*DATA EXTRACT*
****

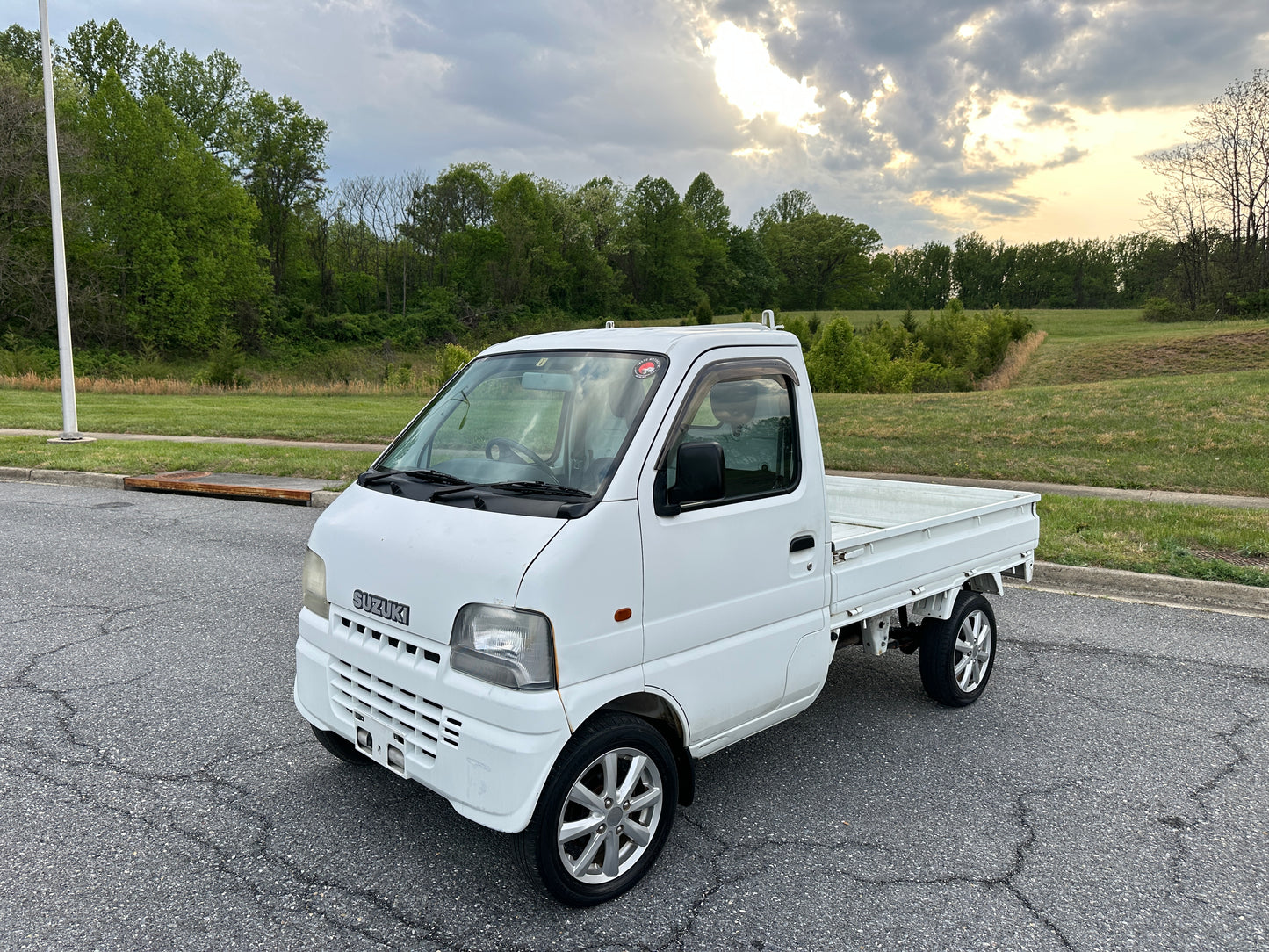 2001 SUZUKI CARRY -FUEL INJECTED- A/C — LOT#870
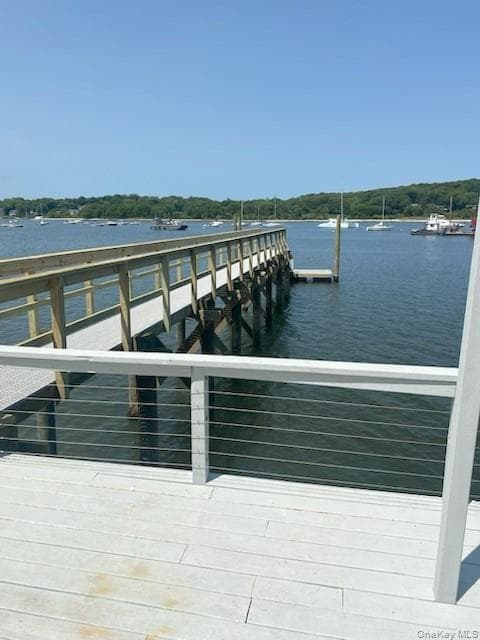 Dock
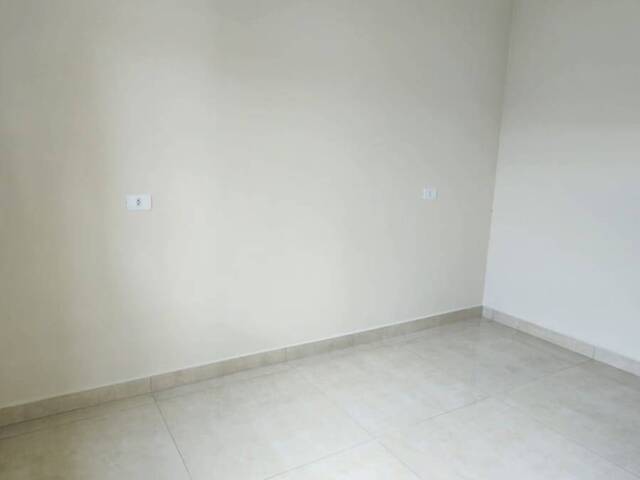 #10709 - Casa para Venda em Arapongas - PR - 3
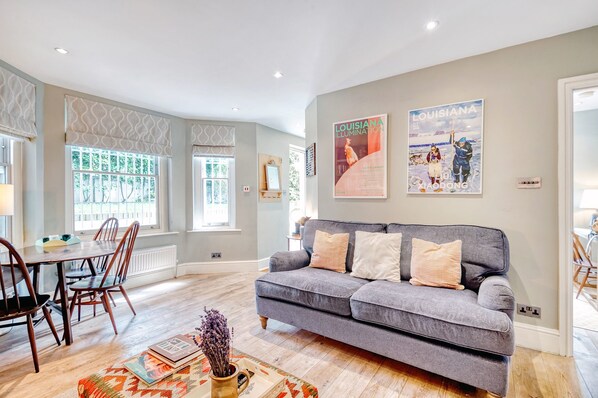 1 bedroom, Internet - The Westbourne Hideaway - Notting Hill 1 Bed - by Out of Office Lifestyle (London)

****

*WORK TO BE COMPLETED*
Return the listing verbatim; pictures are not part of the copy.

*RESPONSE*
 2001 SUZUKI CARRY -FUEL INJECTED- A/C — LOT#870
 Dock
 #10709 - Casa para Venda em Arapongas - PR - 3
 1 bedroom, Internet - The Westbourne Hideaway - Notting Hill 1 Bed - by Out of Office Lifestyle (London)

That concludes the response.